Seperti yang sudah saya katakan di atas, tema lain mengenai kemanusiaanlah yang pada akhirnya lebih mencuat di film ini. Tidak banyak film dengan adegan puncak yang membuat kita menangis haru (yang saya ingat mungkin hanya Departures dan Toy Story 3). Coco menyajikan sekuens final yang mengharu-biru. Bukan sedih, melainkan haru bahagia. Di sinilah kekuatan utama film ini. Ia tidak terlalu muluk, meski kental dengan nuansa fantasi. Ia tetap lekat dengan kehidupan sehari-hari, kehidupan keluarga, dengan kisahnya yang mungkin tidak jauh dengan apa yang kita alami dalam keluarga kita.
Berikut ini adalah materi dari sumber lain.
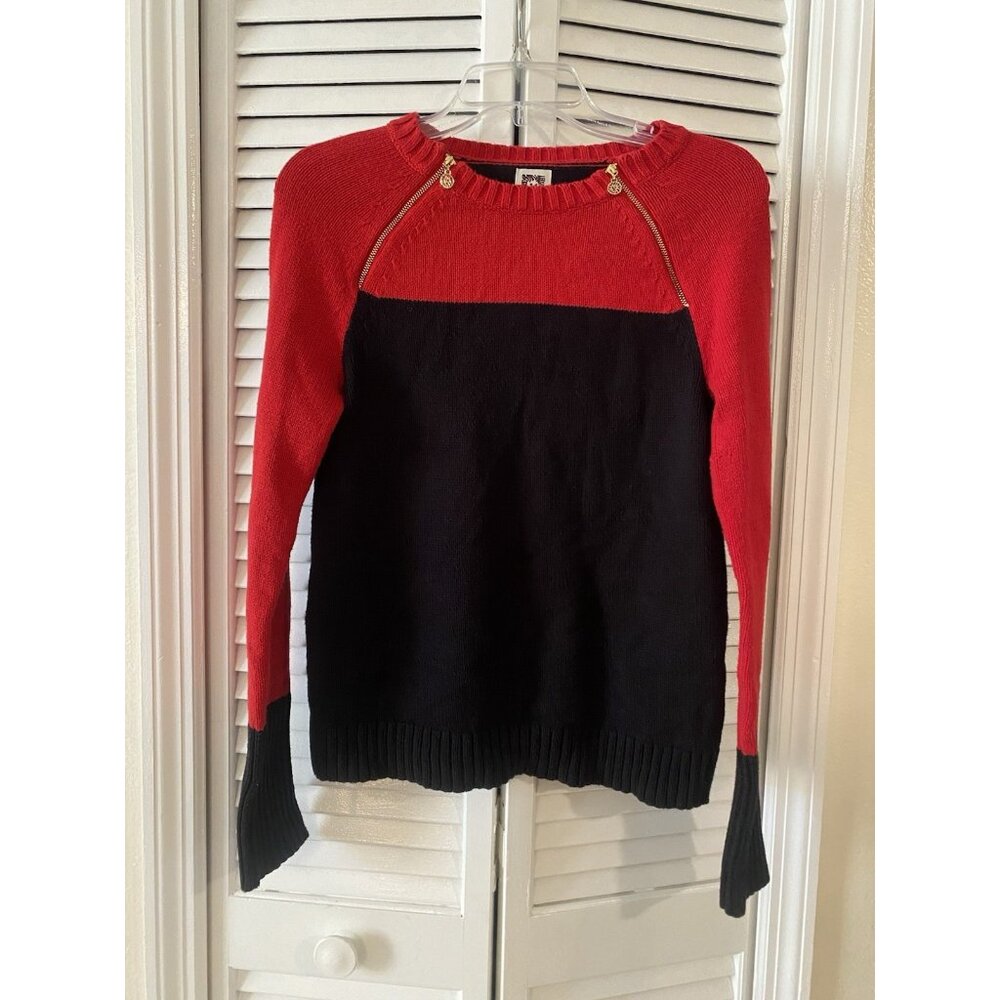 Anne Klein Womens Top Sweater Sz S Gold Zipper Black Red Long Sleeve Career Fall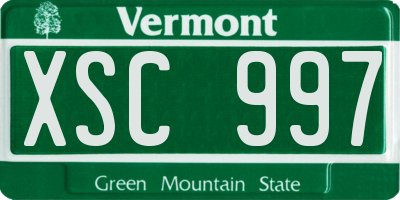 VT license plate XSC997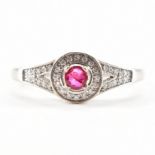 WHITE GOLD RUBY & DIAMOND RING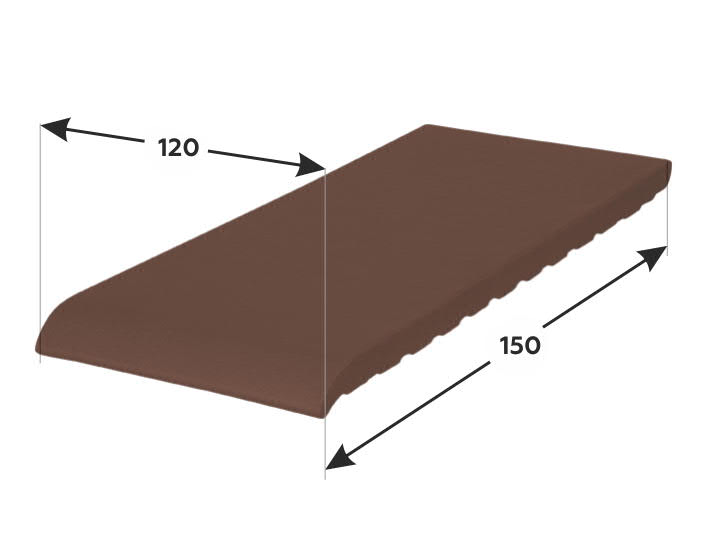150*120*15 мм ОК15-03 коричневый, Клинкерный подоконник, отлив - фасад дома klinker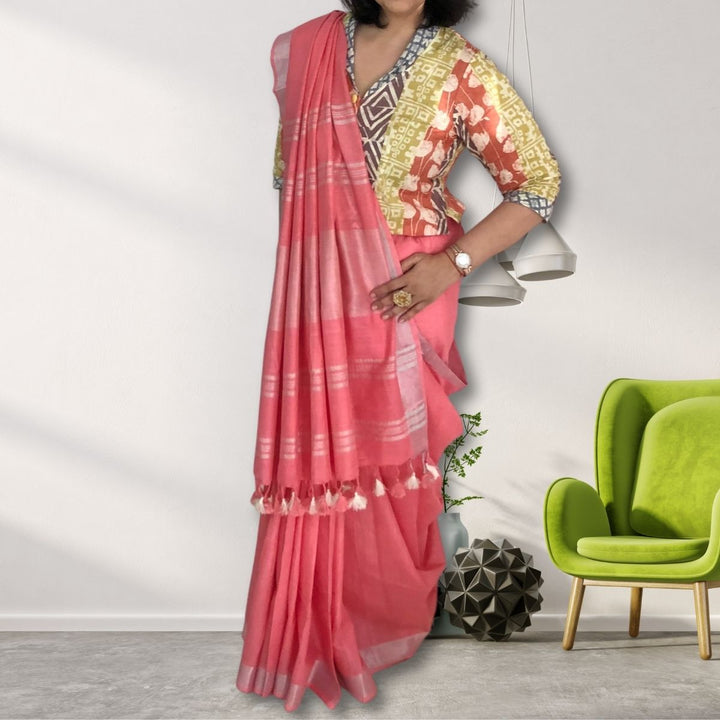 Watermelon Pink Cotton Linen Saree | With Silver Zari Border | Tasselled Fringes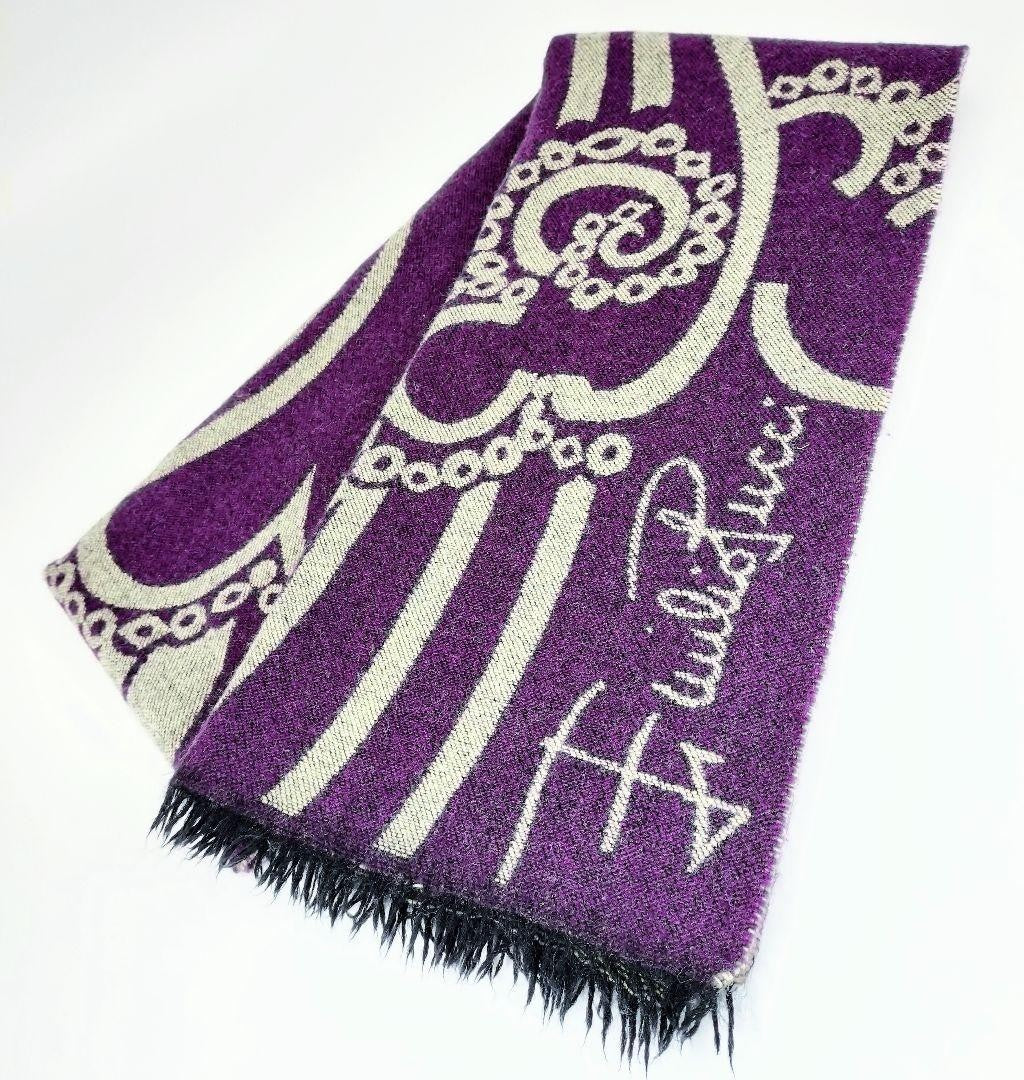Emilio Pucci Wool scarf, purple, Italy Neck Warmer Fringe multipurpose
Sebagai produksi Pixar, tidak perlu kita ragukan lagi keindahan animasi yang dilukiskan. Setiap frame sarat dengan nilai estetika yang tinggi. Warna-warni dalam dunia arwah didesain dengan sangat mendetil. Pixar sekali lagi mengangkat derajat barometer animasi ke tingkat yang lebih tinggi. Mungkin kita dapat menyematkan pujian kepada Coco sebagai film animasi terindah yang pernah ada.

Satu hal yang mungkin mengganjal adalah tema Day of the Dead, mengunjungi dunia arwah itu sendiri. Tema ini mungkin kurang cocok bagi anak-anak yang masih kecil, karena make believe yang disampaikan cukup kuat.

Bila Anda menontonnya di bioskop, siap-siaplah untuk menonton pula film animasi pendek (yang tidak terlalu pendek, sebenarnya) sepanjang 21 menit yaitu Olaf’s Frozen Adventure yang dipasang sebelum film ini dimulai. Sebenarnya film ini tidak jelek-jelek amat, karena temanya cukup menyentuh. Tetapi terkesan terlalu bertele-tele, dan jalinan ceritanya kurang runtut. Jadi bagi Anda yang sering terlambat hadir di ruangan studio, Anda bisa terlambat dengan tenang.